En l’espèce, il apparaît équitable de ne pas condamner Monsieur [U] [M] [X] [R] et Madame [K] [J] [V] au paiement d’une indemnité procédurale. Chacune des parties est donc déboutée de sa demande au titre de l’article 700 du code de procédure civile.
4.3 Sur l’exécution provisoire :
L’article 515 du code de procédure civile autorise le juge à ordonner l’exécution par provision de sa décision chaque fois qu’il l’estime nécessaire et que cette mesure est compatible avec la nature de l’affaire et autorisée par la loi.

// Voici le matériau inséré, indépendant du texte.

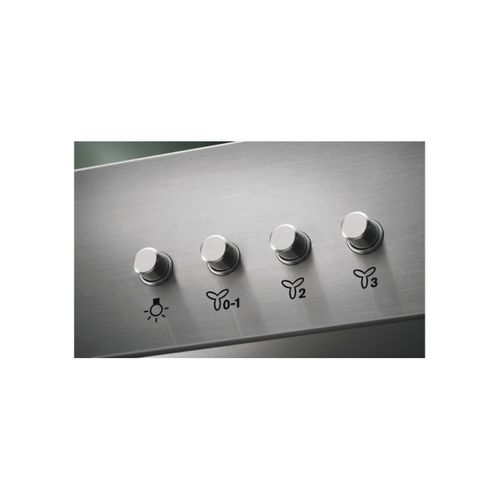 Hotte décorative ELECTROLUX LFT416X_1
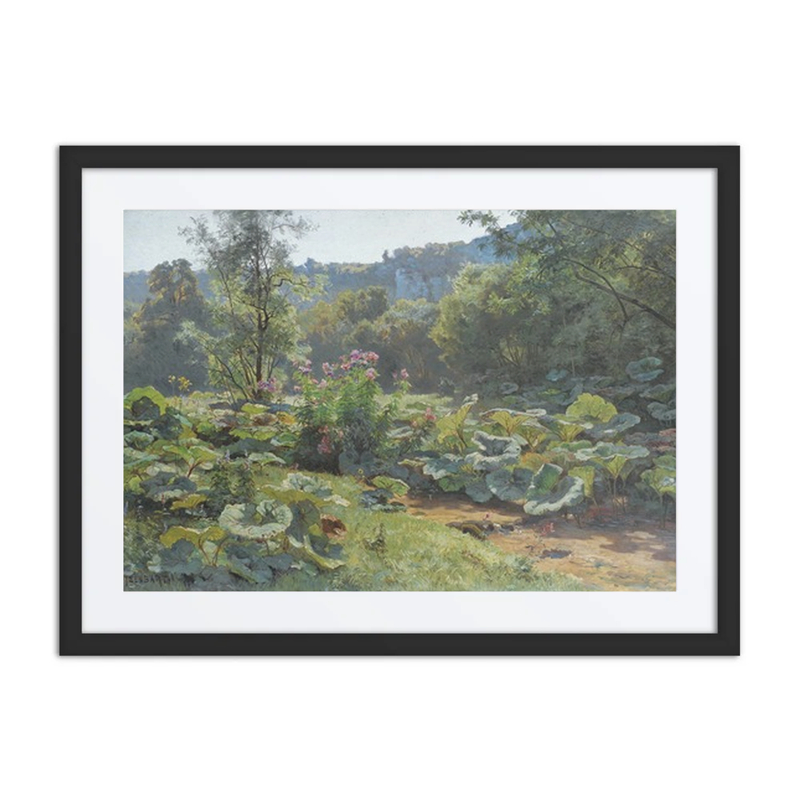 Les Tussilages, Doubs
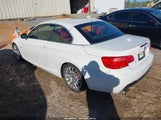 BMW 328I WBADW3C5XBE541021 fotografie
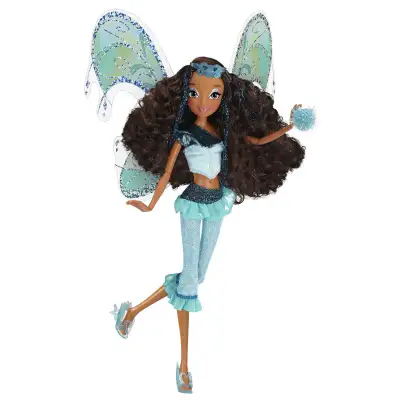 ISO: Winx Believix Power Aisha, View more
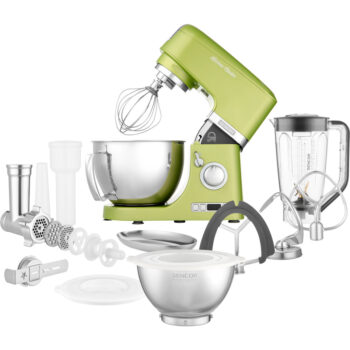 Kuchynský robot Sencor STM 7870GG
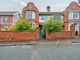 Thumbnail Semi-detached house for sale in Queens Road, Sketty, Swansea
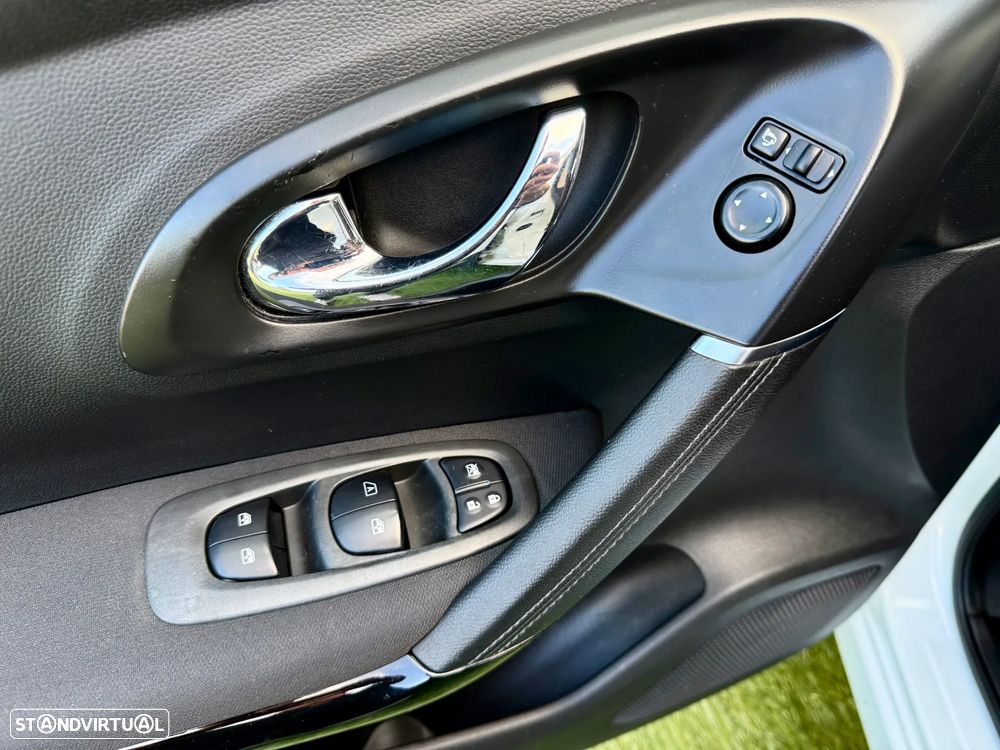 Renault Kadjar Energy dCi 110 EDC LIMITED - 25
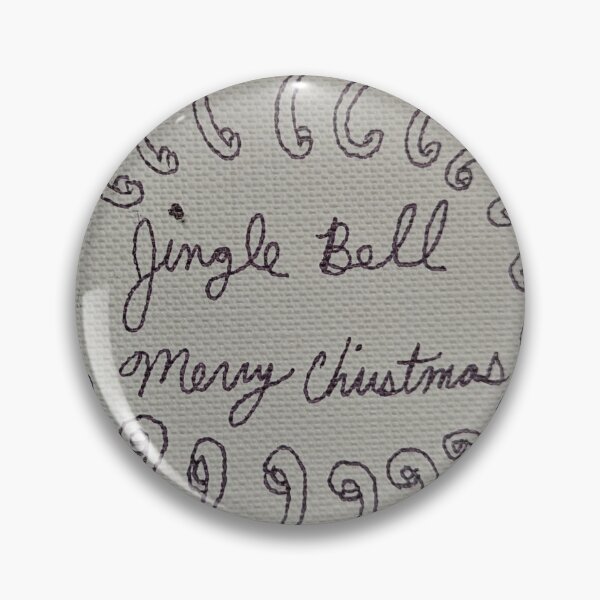 Item preview, cascabeles designed and sold by Cheryl Altschuler.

En l’espèce, aucun motif ne conduit à écarter l’exécution provisoire de droit.
Le tribunal,
Déboute Madame [K] [J] [V] de sa demande d’annulation de l’assignation,
Déboute Madame [K] [J] [V] de sa demande de déclarer nulle et non avenue la déchéance du terme,
Condamne solidairement Monsieur [U] [M] [X] [R] et Madame [K] [J] [V] à payer à la Caisse Régionale de Crédit Agricole mutuel d’Aquitaine : :
– la somme de 220 846,89 euros, laquelle produira des intérêts au taux contractuel de 1,57%, à compter du 9 juin 2022, et ce, jusqu’à parfait paiement,
– la somme de 14 181,77 euros, laquelle produira des intérêts au taux contractuel de 0,95%, à compter du 9 juin 2022, et ce, jusqu’à parfait paiement,
Déboute la Caisse Régionale de Crédit Agricole mutuel d’Aquitaine de sa demande de capitalisation des intérêts,
Condamne solidairement Monsieur [U] [M] [X] [R] et Madame [K] [J] [V] aux entiers dépens de la présente instance, y compris ceux de la procédure d’exécution (article 695 du CPC) et rappelle que les frais occasionnés par les mesures conservatoires restant à la charge du ou des débiteurs conformément aux dispositions de l’article L512-2 du CPCE,
Déboute les parties de toutes leurs demandes fondées sur l’article 700 du code de procédure civile,
Déboute les parties de leurs demandes plus amples ou contraires,
Rappelle que l’exécution provisoire est de droit.
La présente décision est signée par Mme Angélique QUESNEL, Juge, et Isabelle SANCHEZ, Greffier.